Common denial reasons
The most common reasons D6066 is denied, downgraded, or recouped:
- Metal-tier alternate-benefit downgrade — by far the most common cause. The carrier applies a "least-expensive professionally acceptable alternative" policy and pays at the D6082 (noble) or D6083 (base) fee schedule regardless of the alloy actually used. The lab certificate / alloy invoice on file is the most effective rebuttal; some PPO contracts permit balance billing the difference, others require a write-off.
- Coded D6066 when the case is abutment-supported (should be D6059) — the chart describes a custom or prefabricated abutment placed and torqued before the crown was seated; that's abutment-supported, not implant-supported. Re-verify before submitting; this is the second-highest-volume error on the implant-PFM family.
- Coded D6066 when the substructure is not high-noble — some labs mill or cast in noble (≥25% noble) or base alloys and the practice still bills D6066 out of habit. The alloy certificate doesn't match; carrier downgrades to D6082 or D6083 and may flag the practice for repeat error.
- No osseointegration confirmation on file — the carrier's clinical reviewer can't see proof that the implant is integrated before the prosthetic phase. Many plans deny on a clinical-necessity basis without it.
- No pre-operative or post-delivery radiograph submitted — most carriers require imaging documentation for any implant prosthesis claim. Periapical at delivery is the minimum.
- No pre-authorization — many carriers require pre-auth for any implant prosthesis at this fee level. Post-delivery submission without a pre-auth on file is denied or paid at a contractual reduced rate.
- Replacement frequency violation — the carrier's history shows an implant crown (any D6058-D6094) on the same site within the lookback window (typically 5-7 years; some plans 60 months exact). The claim is denied unless a documented loss/breakage narrative and pre-op films are supplied.
- Missing tooth clause — the patient lost the tooth before the policy effective date and the plan excludes coverage for teeth lost before enrollment. The implant surgery and the prosthetic phase are both denied as non-covered services.
- Major-restorative waiting period not satisfied — the patient is within a 6-12 month waiting period; the carrier denies as a waiting-period exclusion regardless of clinical necessity.
- Same-day conflict — D6066 + D6057 on the same claim — billing an abutment converts the case to abutment-supported (D6059); the carrier sees the contradiction and denies or reprocesses. Don't submit both.
- Lab certificate not attached on audit — when the carrier requests proof of the high-noble alloy and the certificate is not produced, the claim is recouped to the lower alloy tier.
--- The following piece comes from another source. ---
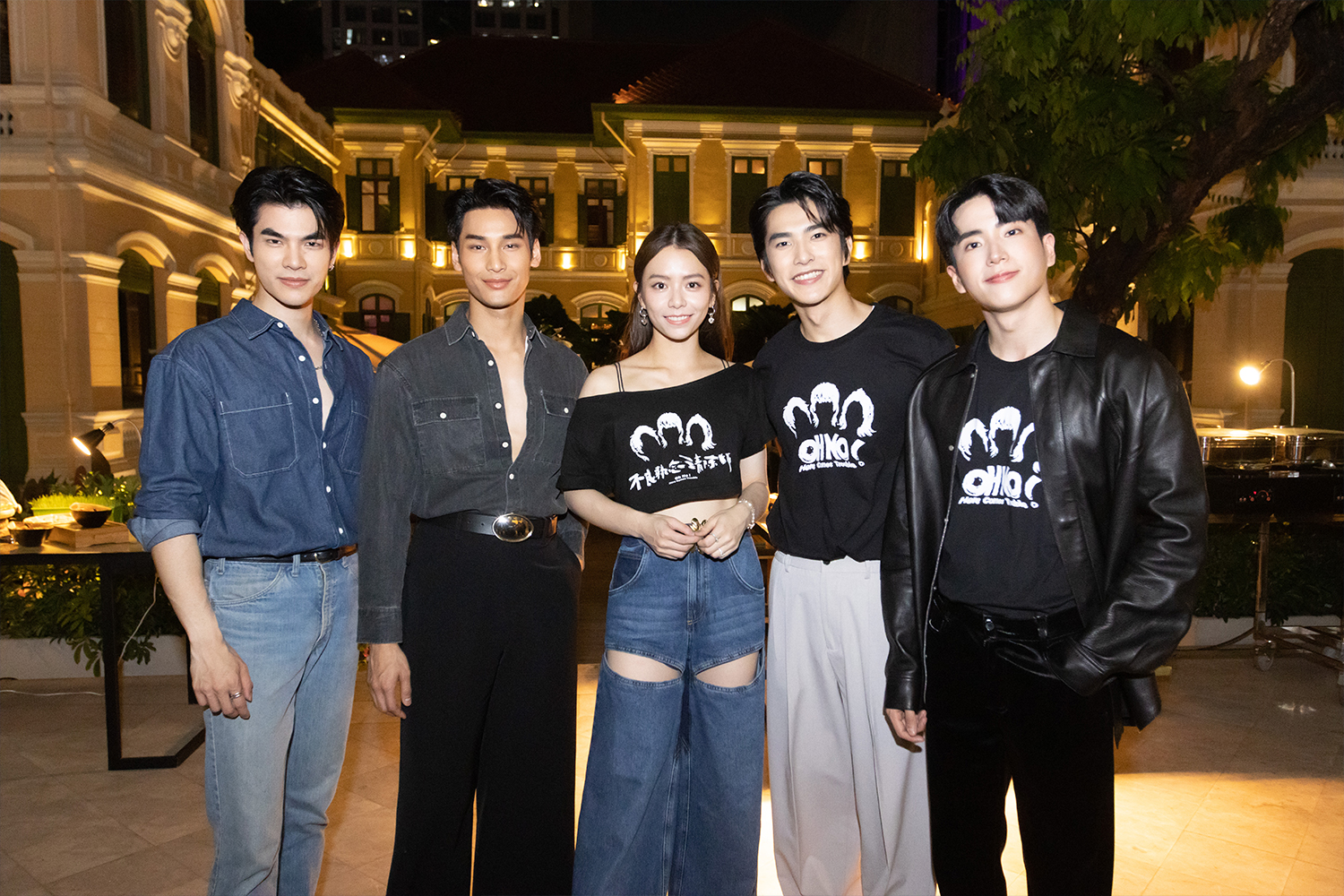 曾敬驊（右二）與宋芸樺（中）帶著《不良執念清除師》到泰國宣傳，除和參與的泰國演員查農（右）見面外，也與BL劇《黑幫少爺愛上我》兩位主角Mile（左）和Apo（左二）相見歡。（愛奇藝國際站提供）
Keep the certificate in the chart at delivery, not just in the lab's records.
- Default-normal templating — the chart note is a copy of every other implant crown delivery in the practice and doesn't name the implant system, alloy tier, or torque value. This is a known recoupment pattern in state OIG audits.
- Adult Medicaid plan that excludes implant prosthetics — many state Medicaid programs do not cover adult implant restorations or limit coverage to D6065 only; the claim is denied as a non-covered service.